According to the article, “In 2011, 86 percent (88 of 102) of the research published by Joachim Boldt, MD, since 1999 was retracted after a government investigation reported research misconduct reflecting failure to acquire ethical approval for research and fabrication of study data. The effect of these retractions has been far-reaching. All major systematic reviews and clinical guidelines are now being revised to account for the retracted data and permit sensitivity analyses on the remaining publications by Boldt et al.”
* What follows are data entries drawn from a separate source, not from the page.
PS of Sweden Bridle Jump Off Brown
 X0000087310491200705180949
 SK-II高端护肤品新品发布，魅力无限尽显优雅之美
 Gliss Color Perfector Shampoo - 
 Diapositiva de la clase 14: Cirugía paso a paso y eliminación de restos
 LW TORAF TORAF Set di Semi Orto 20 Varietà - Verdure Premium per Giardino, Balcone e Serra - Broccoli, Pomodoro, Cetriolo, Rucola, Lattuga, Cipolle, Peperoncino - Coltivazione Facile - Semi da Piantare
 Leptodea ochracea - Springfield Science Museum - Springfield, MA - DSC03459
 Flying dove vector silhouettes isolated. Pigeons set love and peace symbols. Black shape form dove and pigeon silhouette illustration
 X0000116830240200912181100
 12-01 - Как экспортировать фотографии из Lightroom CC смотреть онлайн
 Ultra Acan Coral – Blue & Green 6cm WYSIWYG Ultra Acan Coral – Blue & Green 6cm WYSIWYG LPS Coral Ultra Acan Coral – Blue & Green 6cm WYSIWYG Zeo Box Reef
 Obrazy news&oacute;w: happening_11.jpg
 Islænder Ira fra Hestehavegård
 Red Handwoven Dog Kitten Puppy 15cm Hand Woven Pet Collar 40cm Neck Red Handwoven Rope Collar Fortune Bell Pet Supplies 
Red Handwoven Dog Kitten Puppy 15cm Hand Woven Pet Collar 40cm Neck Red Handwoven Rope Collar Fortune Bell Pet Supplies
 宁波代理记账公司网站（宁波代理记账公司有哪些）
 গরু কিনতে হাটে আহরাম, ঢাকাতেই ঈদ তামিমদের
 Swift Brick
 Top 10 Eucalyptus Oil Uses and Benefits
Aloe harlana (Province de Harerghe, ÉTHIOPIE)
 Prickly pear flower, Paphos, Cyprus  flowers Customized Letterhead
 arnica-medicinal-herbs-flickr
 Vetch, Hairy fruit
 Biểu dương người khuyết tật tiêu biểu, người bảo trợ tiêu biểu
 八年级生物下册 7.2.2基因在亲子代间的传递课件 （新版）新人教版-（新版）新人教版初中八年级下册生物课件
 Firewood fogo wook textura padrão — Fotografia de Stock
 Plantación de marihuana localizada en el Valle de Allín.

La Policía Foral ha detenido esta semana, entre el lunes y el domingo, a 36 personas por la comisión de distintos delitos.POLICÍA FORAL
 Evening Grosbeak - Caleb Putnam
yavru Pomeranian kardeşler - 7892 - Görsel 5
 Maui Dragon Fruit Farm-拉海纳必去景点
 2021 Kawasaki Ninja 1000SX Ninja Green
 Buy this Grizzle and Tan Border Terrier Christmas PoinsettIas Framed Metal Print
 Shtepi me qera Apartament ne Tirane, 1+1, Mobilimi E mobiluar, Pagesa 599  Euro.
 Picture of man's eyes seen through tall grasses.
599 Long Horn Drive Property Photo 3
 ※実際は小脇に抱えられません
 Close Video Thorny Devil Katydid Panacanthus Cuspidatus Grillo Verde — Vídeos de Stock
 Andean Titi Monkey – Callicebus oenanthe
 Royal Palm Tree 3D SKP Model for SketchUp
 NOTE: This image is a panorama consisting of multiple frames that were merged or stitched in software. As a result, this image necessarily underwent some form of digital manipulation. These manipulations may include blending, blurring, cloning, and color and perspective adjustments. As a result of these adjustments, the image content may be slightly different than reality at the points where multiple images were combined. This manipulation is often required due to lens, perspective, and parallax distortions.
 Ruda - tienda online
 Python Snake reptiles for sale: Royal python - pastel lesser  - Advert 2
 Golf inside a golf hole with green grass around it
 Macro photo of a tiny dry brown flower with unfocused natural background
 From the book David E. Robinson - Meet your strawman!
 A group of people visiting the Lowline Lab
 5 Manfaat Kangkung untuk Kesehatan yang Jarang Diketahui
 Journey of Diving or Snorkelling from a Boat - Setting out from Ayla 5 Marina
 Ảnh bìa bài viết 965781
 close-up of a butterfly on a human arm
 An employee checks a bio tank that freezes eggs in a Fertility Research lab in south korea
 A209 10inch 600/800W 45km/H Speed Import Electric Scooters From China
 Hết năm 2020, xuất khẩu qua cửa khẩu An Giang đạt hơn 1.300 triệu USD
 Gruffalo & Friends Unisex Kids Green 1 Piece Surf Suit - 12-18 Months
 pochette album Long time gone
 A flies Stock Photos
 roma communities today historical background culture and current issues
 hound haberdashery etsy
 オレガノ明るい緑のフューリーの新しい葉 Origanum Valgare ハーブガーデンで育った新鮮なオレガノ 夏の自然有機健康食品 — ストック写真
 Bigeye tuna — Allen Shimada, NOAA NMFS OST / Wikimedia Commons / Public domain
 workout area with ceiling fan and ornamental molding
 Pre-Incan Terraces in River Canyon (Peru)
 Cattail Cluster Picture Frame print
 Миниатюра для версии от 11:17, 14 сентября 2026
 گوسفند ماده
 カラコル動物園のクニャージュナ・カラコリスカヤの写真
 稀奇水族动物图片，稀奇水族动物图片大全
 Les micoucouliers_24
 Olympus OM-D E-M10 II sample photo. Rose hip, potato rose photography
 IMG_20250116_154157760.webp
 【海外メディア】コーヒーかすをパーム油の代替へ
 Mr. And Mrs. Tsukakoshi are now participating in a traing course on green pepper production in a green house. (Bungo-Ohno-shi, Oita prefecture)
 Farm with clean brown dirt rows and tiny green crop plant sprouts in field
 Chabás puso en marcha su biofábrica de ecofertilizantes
Ryan Zarychanski, MD, MSc, of the University of Manitoba, Canada, and colleagues performed a systematic review and meta-analysis of randomized controlled trials comparing hydroxyethyl starch with other intravenous fluids (crystalloids, albumin, or gelatin) for acute fluid resuscitation in critically ill patients. The primary outcomes of interest were mortality and the incidence of acute kidney injury. Additionally, the researchers investigated the influence of the studies conducted by Boldt and colleagues on these outcomes.
After a review of the medical literature, the authors identified 38 trials that met criteria for inclusion in the analysis. Two reviewers independently extracted trial-level data including population characteristics, interventions, outcomes, and funding sources. Risk of bias and strength of evidence were assessed.
The researchers found that the majority of trials were categorized as having an unclear risk or high risk of bias. For the 10,880 patients in studies contributing mortality data, use of hydroxyethyl starch compared with other resuscitation solutions was not associated with a decrease in mortality. This summary effect measure included results from seven trials performed by Boldt et al. When these seven trials that involved 590 patients were excluded, hydroxyethyl starch was found to be associated with a significantly increased risk of mortality (among 10,290 patients), renal failure (among 8,725 patients), and increased use of renal replacement therapy (among 9,258 patients).
“Clinical use of hydroxyethyl starch for acute volume resuscitation is not warranted due to serious safety concerns,” the authors conclude.